El fondo de los milagros

Álvaro Cunqueiro es un autor tan completo en sí mismo que ni siquiera necesita proclamarse escritor. Diríamos que lo suyo está más cerca de ser una literatura, la anatomía de un lenguaje entero, que es la forma de hacer que las cosas que se cuentan sean más verdad y menos moda. 

Lo dijo ayer bien el poeta y académico Pere Gimferrer en la Biblioteca Nacional de Madrid: «Pocos escritores en la literatura española de la segunda mitad del siglo XX han tenido una potencia expresiva y verbal tan extraordinaria». Estaba Gimferrer junto a César Antonio Molina y el presidente de la Xunta de Galicia, Alberto Núñez Feijóo, presentando un volumen sorpresivo y delirante de prosas de Cunqueiro: De santos y milagros, coordinado por Xosé Antonio López Silva y publicado por la Fundación Banco Santander. 

Es la recuperación y puesta en limpio de 138 artículos publicados en El faro de Vigo, La Vanguardia, La Voz de España, Aire Azul, Misión y Catolicismo. El repertorio de cabeceras es fastuoso, casi un relato en sí mismo. Además de siete relatos que Cunqueiro escribió con el seudónimo de Álvaro Labrada. 

En estos textos hay un pulso extraño que tiene que ver con la pasión de este hombre por el milagreo, por el santoral y su road movie benemérita, por la magia, por lo extraño, por todo aquello que ya un palmo fuera de Galicia es exactamente lo gallego. «Estos temas eran esenciales en el imaginario creador de Álvaro Cunqueiro», señala César Antonio Molina. «Todo aquello que tuviera que ver con lo inexplicable, con el misterio o con lo sorprendente le seducía mucho. Igual que le sucedía a Yeats con la tradición céltica de Irlanda». Es algo así como querer que el sueño de otro se ponga a dormir en ti, echado por dentro de los ojos. 

Hay en estos textos, muchos desaparecidos desde que fueran publicados a partir de los años 40, una erudición de florestas y símbolos, de invasiones y hermosas abadesas con jeta de aldeanas normandas, algo infinitamente hermoso en la forma de contarlo y otro tanto de rebeldía lógica en la forma de mirarlo. Cunqueiro era un raro con cierto arraigo claro en lo desconocido. 

De todo lo aquí recuperado, López Silva destaca la importancia de los artículos publicados en la revista catolicismo, que habían pasado desapercibidos para la crítica. «Y cuando los lees comprendes que son muy importantes para el conocimiento de la actividad literaria del escritor a partir de la retirada del carné de periodista en 1944.

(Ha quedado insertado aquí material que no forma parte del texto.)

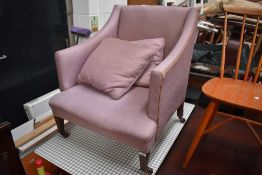 An Edwardian art deco style arm chair on mahogany frame and castors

Permiten comprender mejor la elaboración de su obra posterior en lengua castellana y gallega». En las que indistintamente escribió: Un hombre que se parecía a Orestes o Si o vello Simbad volvesa ás illas, entre otras novelas. Entre miles de artículos. Entre obras de teatro. Entre poemas. 

Y da igual que hable de San Leandro o del demonio. De los lobos o de los búhos. Lo que queda aquí es un escritor de perfiles raros. Un tipo distinto. «En él podemos leer más literatura que en muchos de los libros que se publicaron en su tiempo», ataja Gimferrer. «Dentro de las familias de escritores están los que escriben siempre el mismo libro, como sucede con Pla. Y están los que escriben siempre la misma página: y en esto, quizá sólo en esto, Cunqueiro se emparenta con Borges». 

En estos artículos consigue hacer razonable hasta un milagro. O conferir una dosis de gimnasia sobrenatural a las alquimias de un manciñeiro para atajar una torcedura de inmediato, que de salvar el alma siempre hay tiempo. El de Cunqueiro es un realismo al que le crecen los pies y se va andando por delante. Un realismo entusiasmado y distraído, como apuntó él mismo. Cunqueiro no está muerto, quizá mal enterrado. Y aquí a los que les entablillan mal la caja salen cualquier día, se aúpan sobre lo real, con algo de fantástico y algo de sentimental, y a fuerza de escribir llegan a palabras como estas: Ella tenía un alma sencilla llena de puntas de dedos/ y en el blanco de los ojos llevaba un horizonte de tangos/ de acordeón.